- **ACTIVITY**
When you reach the line that contains "Vídeo mostra exato", begin copying exactly, and continue through the last line of the data; no pictures belong in the copy.

- **COLLECTED DATA**

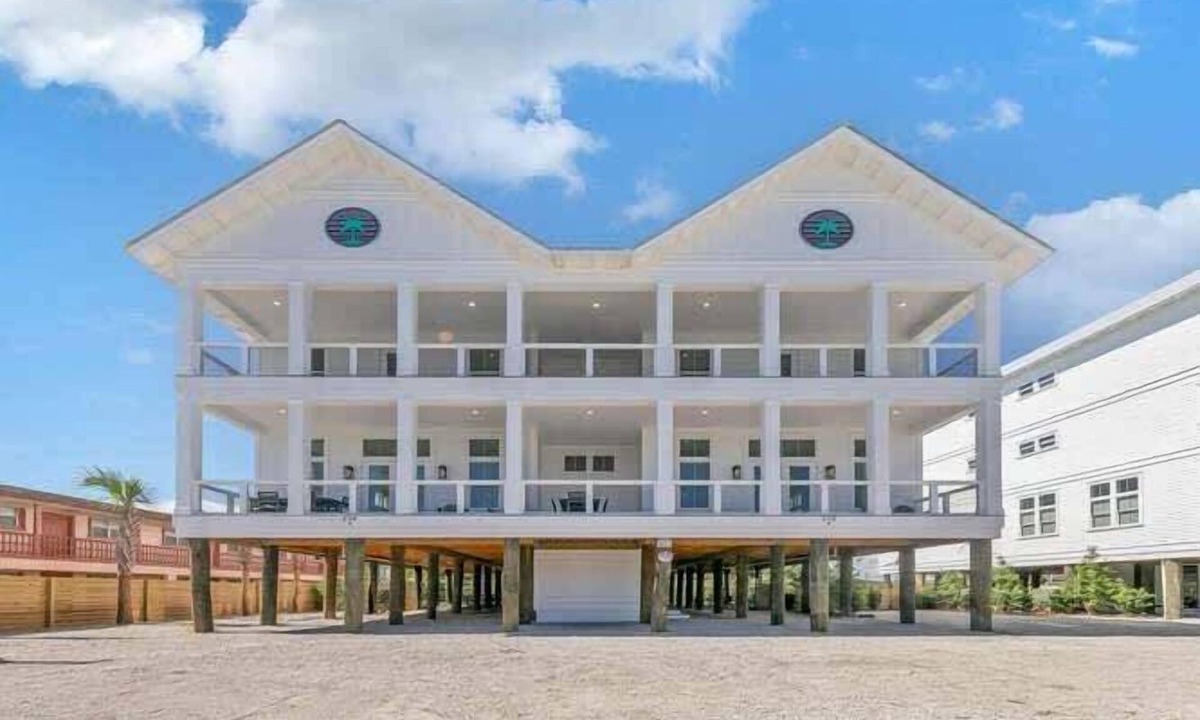 Fort Walton Beach House | A-Fish🌊5 BR 4 BA Private Pool 🏊 Pet Friendly 🐶
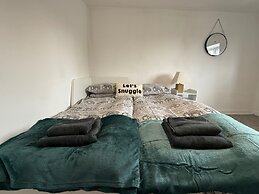 3-bed Cherry Cottage - Walk to Bicester Village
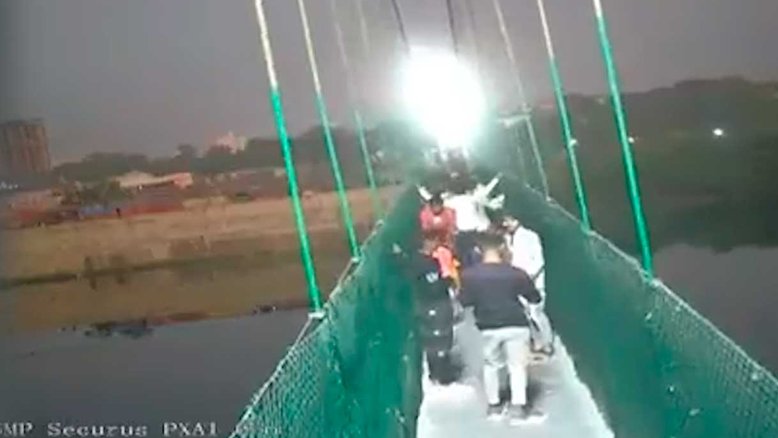 Vídeo mostra exato momento em que ponte de cabos se rompe, pelo menos 140 morreram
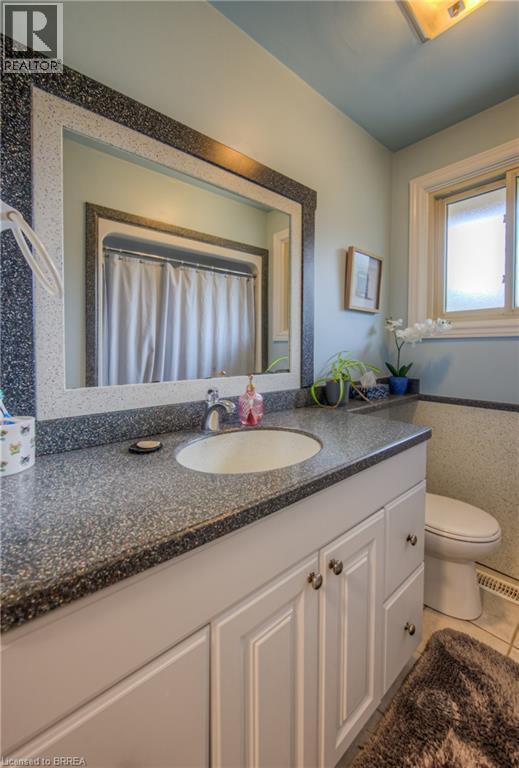 Photo 42 of 24 Allanton Boulevard, Brantford ON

- **RESPONSE BELOW**
 Vídeo mostra exato momento em que ponte de cabos se rompe, pelo menos 140 morreram
 Photo 42 of 24 Allanton Boulevard, Brantford ON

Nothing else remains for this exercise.